A first pass of requirements at how a location should be indicated elicited the requirement (from one of our Library IT Team colleagues) that "the top priority requirement [for the LibraryLocator] is that the orientation of arrows on the map can be controlled - so they don't obscure text or other details". I'd question whether this is really the "top" priority - either for end users or for the librarians who will need to edit this data (for each of the assumed <=5,000 distinct shelf-bay locations that are likely to be our maximum resolution).

We have problem of deciding how a location can be recorded just once, and then displayed on a variety of background plans which may be at different scales (to suit display on different end-user devices etc), different orientations (of text on a plan) and different levels of detail.

A long lunch in the Senior Dining Room (lamb tangine with cous-cous and preserved fruits) yielded the diagram above and the realisation that the best sort of coordinates to use will be those of the real world.

Whenever a plan is imported to the LL (this shouldn't happen very often, and there are only likely to be <=20 of them), it needs to have metadata added (either in standard internal JPEG/PNG fields, or in an external registry file/table of known plans).

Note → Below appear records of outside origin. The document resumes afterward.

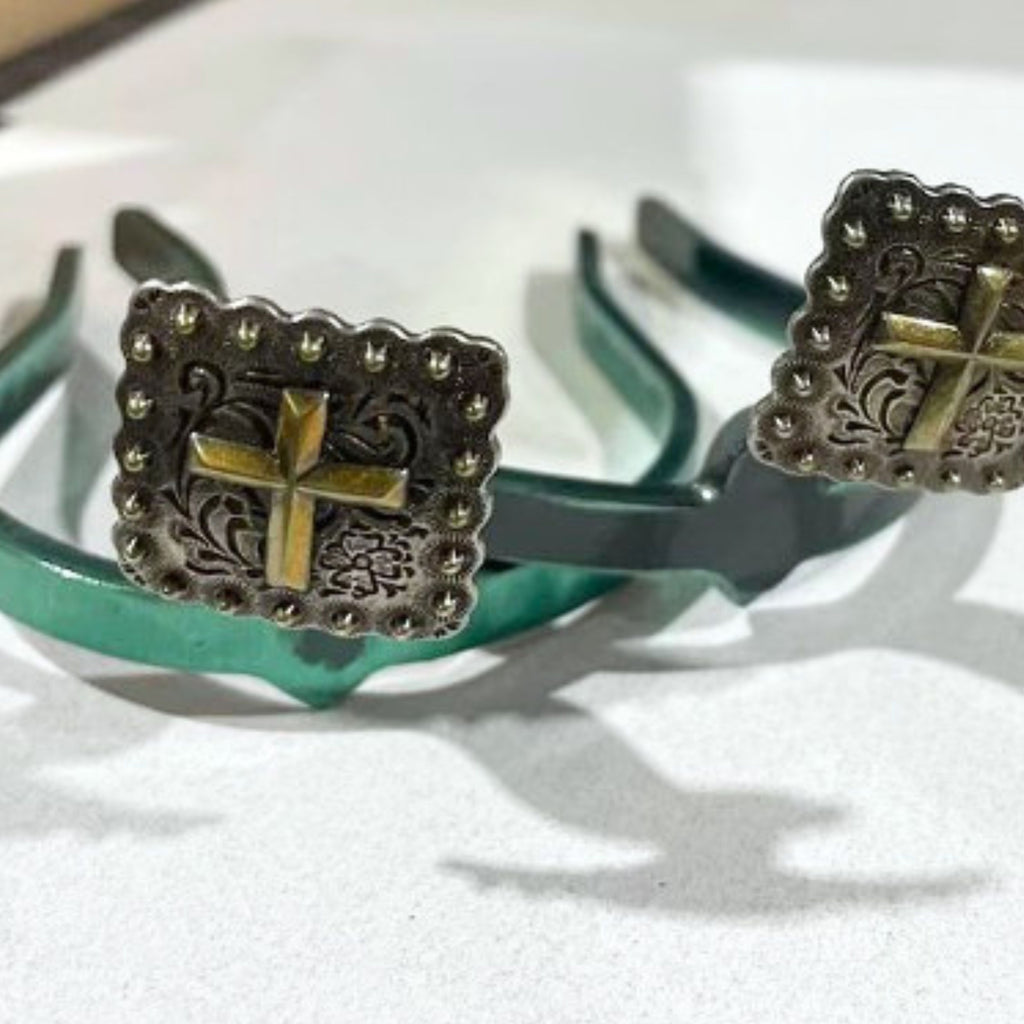 Cross Berry Square Cowgirl Cuff featuring a raised copper-tone cross, western scroll engraving, and berry-edge concho details on a green cuff base.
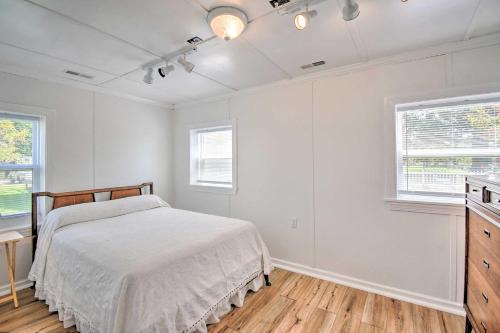a white bedroom with a bed and two windows at Romantic Waterfront Abode with Patio and Dock! in Deltaville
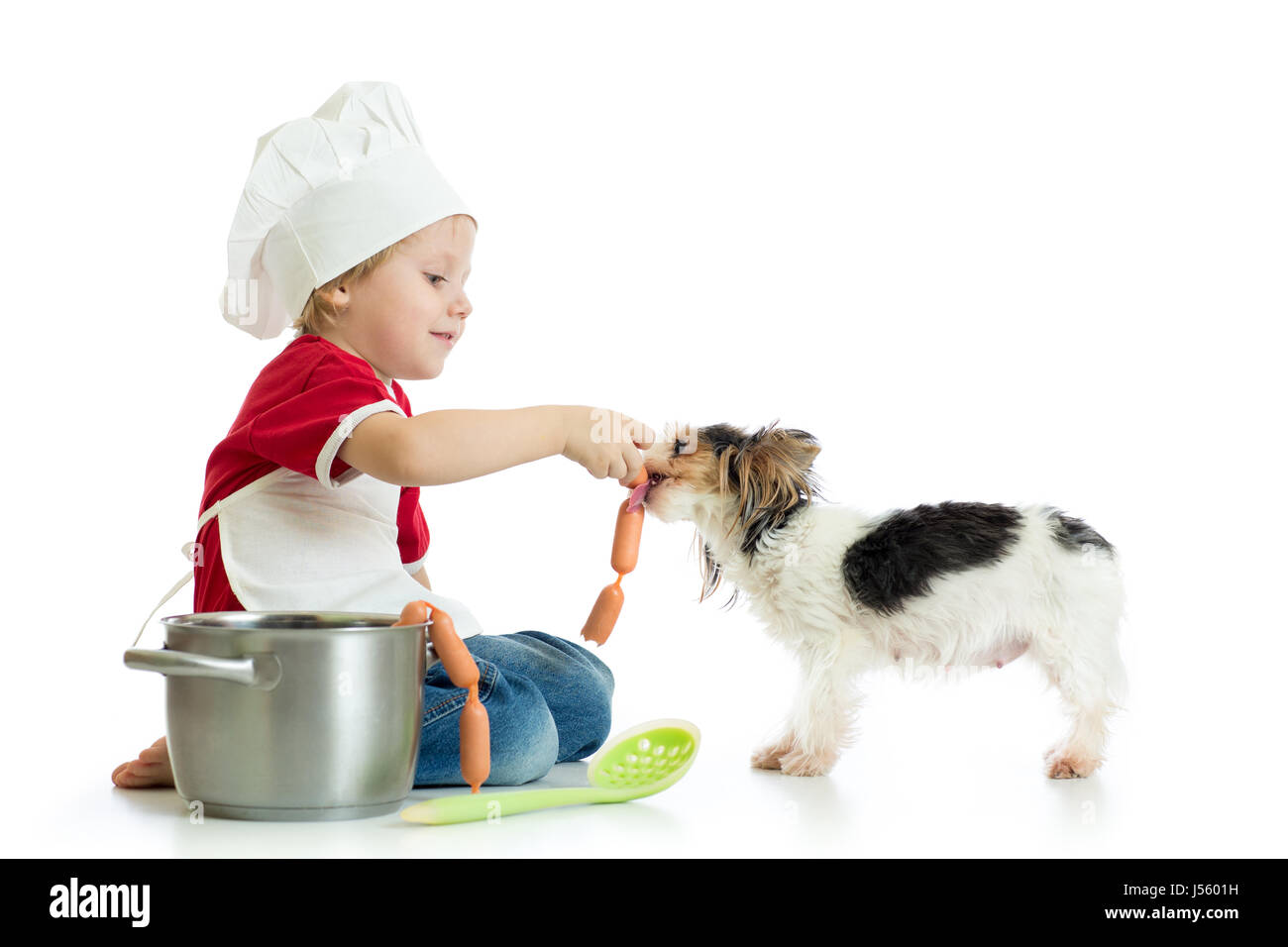 Role-playing game. Kid boy plays chef with pet. Child weared cook feeds dog. Stock Photo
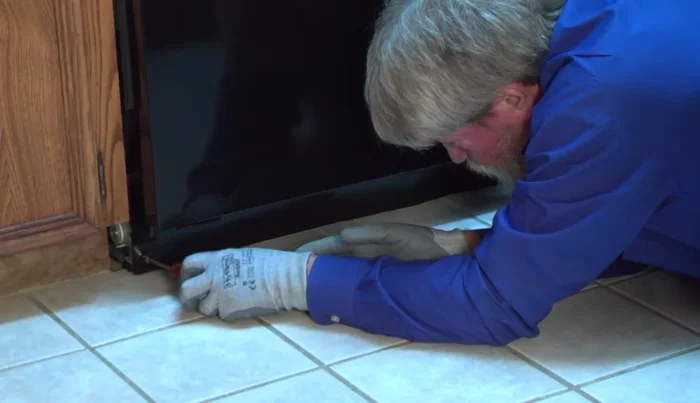If leaks persist under the dishwasher, remove the bottom panels to access bottom components.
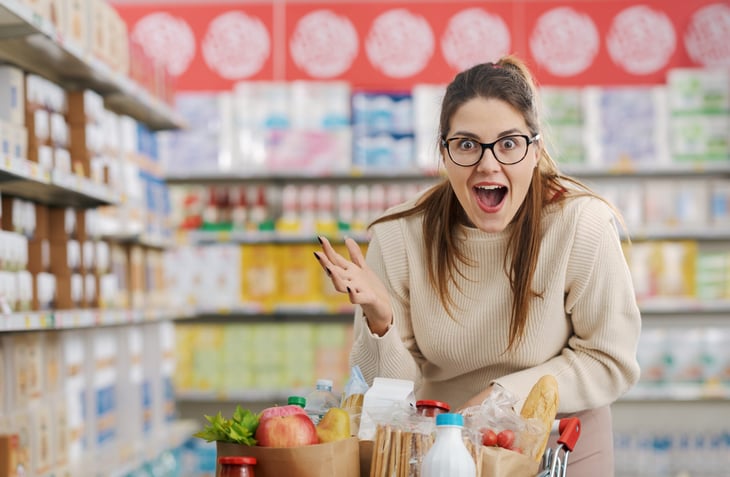 Excited and happy shopper at the grocery store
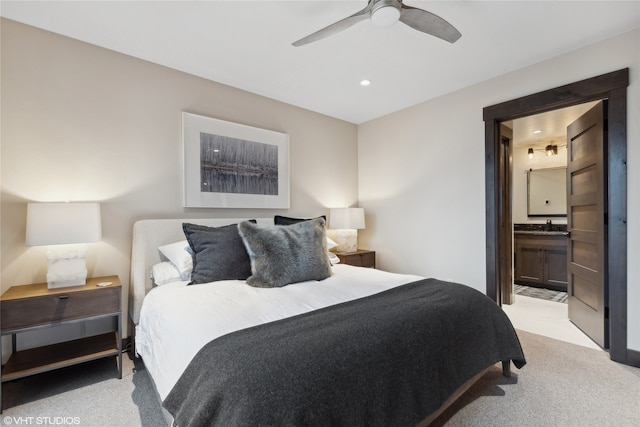 carpeted bedroom with ensuite bath, ceiling fan, and sink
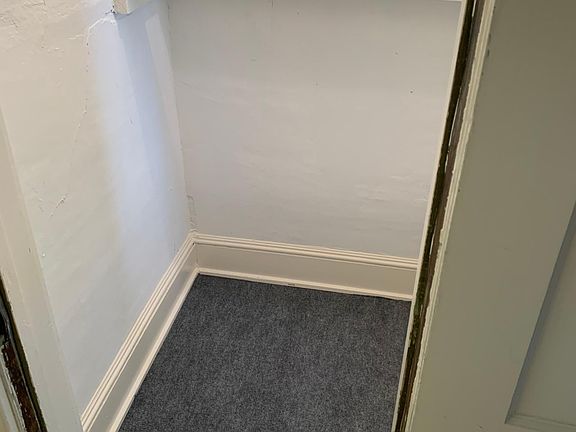 Down stairs coat closet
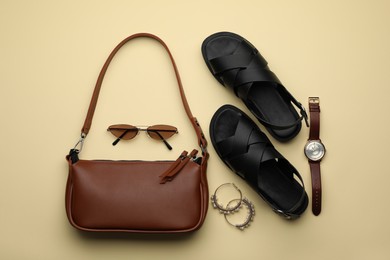 Stylish woman's bag, shoes and accessories on beige background, flat lay Photo of Stylish woman's bag, shoes and accessories on beige background, flat lay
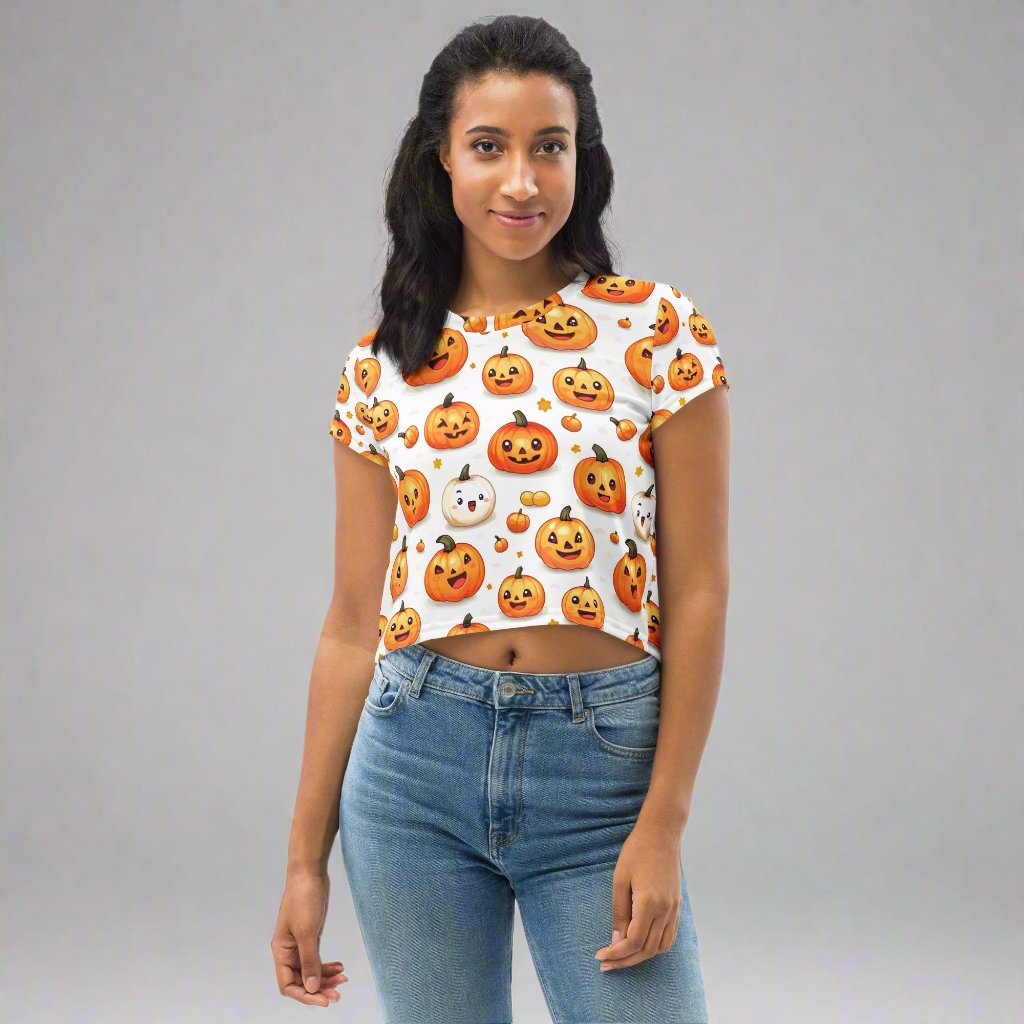 A cropped tee with an all-over print of playful pumpkins and ghosts, designed for women, featuring vibrant colors.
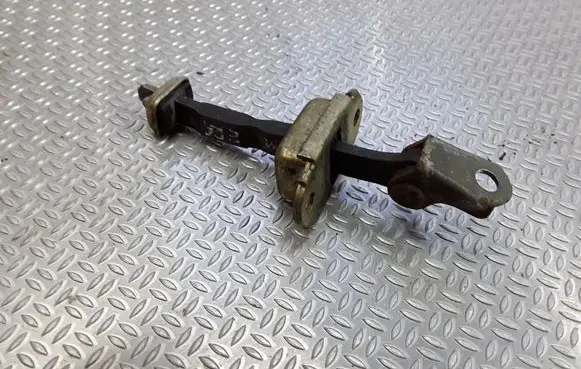 Nissan Primera Rear door check strap stopper
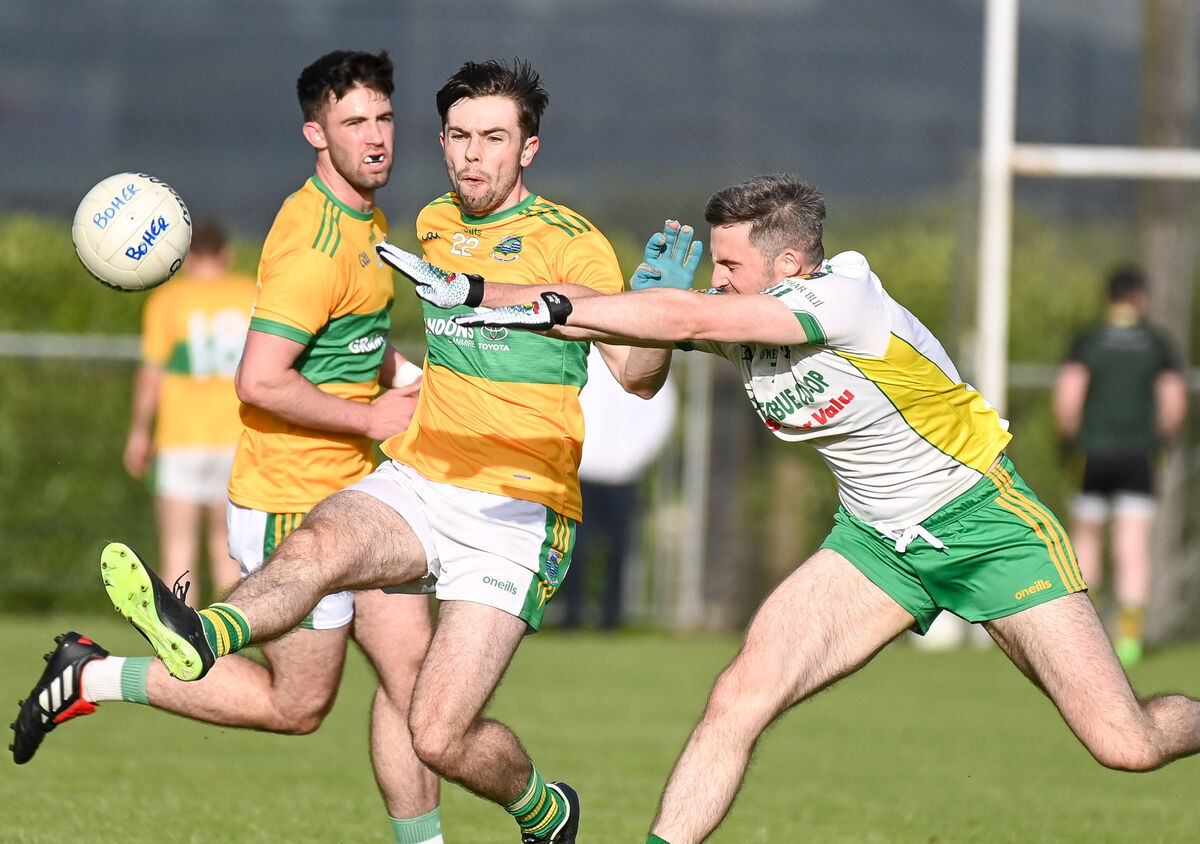  Glanmire's Tommy Lonergan shoots under pressure from Boherbue's Denis O'Sullivan, during their Cork Credit Unions FL Division 5 final at Donoughmore. Picture: David Keane.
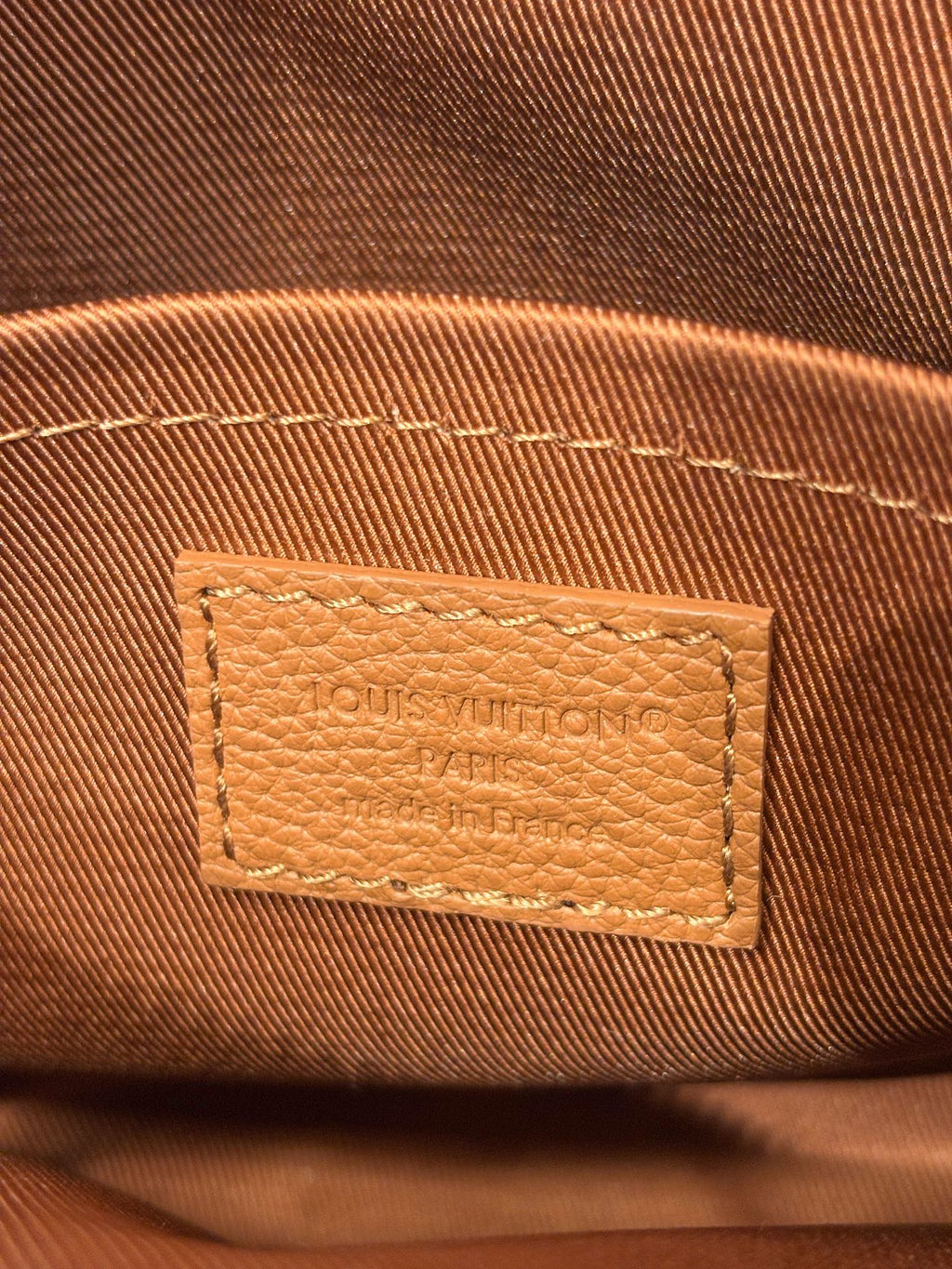 Close-up of Louis Vuitton tan leather bag logo patch with stitched edges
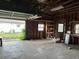 Spacious garage with concrete floors, wood-framed walls, and natural light from windows at 10 Cranford Rd, Goose Creek, SC 29445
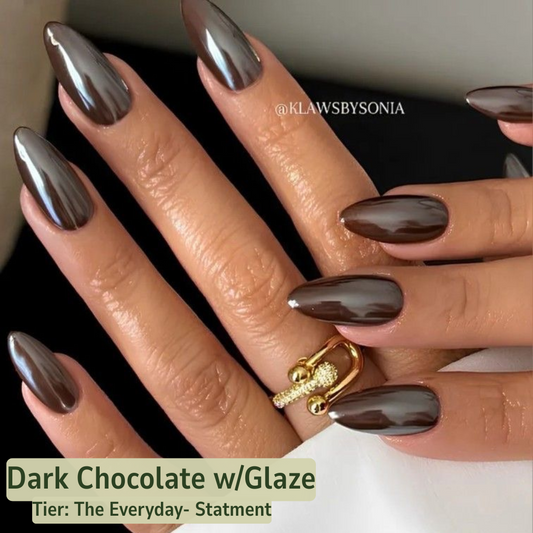 Nails with dark chocolate color and glaze, featuring a brand name.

This metadata for all plans can be read in just when the LLmapdisplayer initialises (not for every search) and should include:

• the real-world Lat-Long of the bottom-left corner of the plan graphic;
• the real-world Lat-Long of the top-right corner of the plan graphic (both so that orientation of the plan is sensible when displayed w.r.t. text/symbols shown);
• the X,Y dimensions in pixels of the plan graphic (we assume all graphic files are rectangular).

When a plan is imported, the LLeditor must allow this to be done reasonably easily (there are only about 20 of them and they don't change often). In v1 it would be acceptable to expect a user to click two points on the plan, and locate the corresponding points on the building as depicted by GoogleEarth, copy-pasting in the Lat-Long values. (A smarter v2 may be able to use a GoogleMaps API to capture the values, or even allow positioning/rotation/scaling of the plan image overlaid on GoogleMaps to align with the real-world features - OutOfScope for now!)

When an arrow (or whatever appropriate location indicator graphic - also a rectangular image) is placed, the LLeditor must allow this to be done very easily (there may be 5,000 of them!). It must allow a hot-spot (e.g. arrow-point) to be positioned, and then allow for the arrow graphic to be rotated around the hot-spot point. The location and orientation of the arrow should each be recorded by translating into real-world coordinates (Lat-Long and compass bearing) so they're effectively absolute. They can then be rendered by the LLmapdisplayer using any background plan. If an editor-user chooses an orientation for the arrow which clashes with some other background plans, that's OutOfScope for now too.

A little experimentation with Google maps and at http://pagesperso-orange.fr/universimmedia/geo/loc.htm (to pick one site from a quick search) was in order. Searching for Portugal Street London makes it easy  to view the LSE library (if you know which building it is!) and find the latitude and longitude of the corners of the building, to five decimal places (lat 51.51473, long -0.11641; lat 51.51494, long -0.11563 for the western and northern corners respectively). This would give a resolution of about 60x130 for a map which has a pixel for each square corresponding to the least significant digit produced, clearly not enough for our purposes. But Google maps will at least accept more places of decimals, so as long as the initial processing of the map graphics is done more carefully, it should be possible to get higher resolution numbers for the corners, and so to place a pointer more accurately in a range of maps with different edges.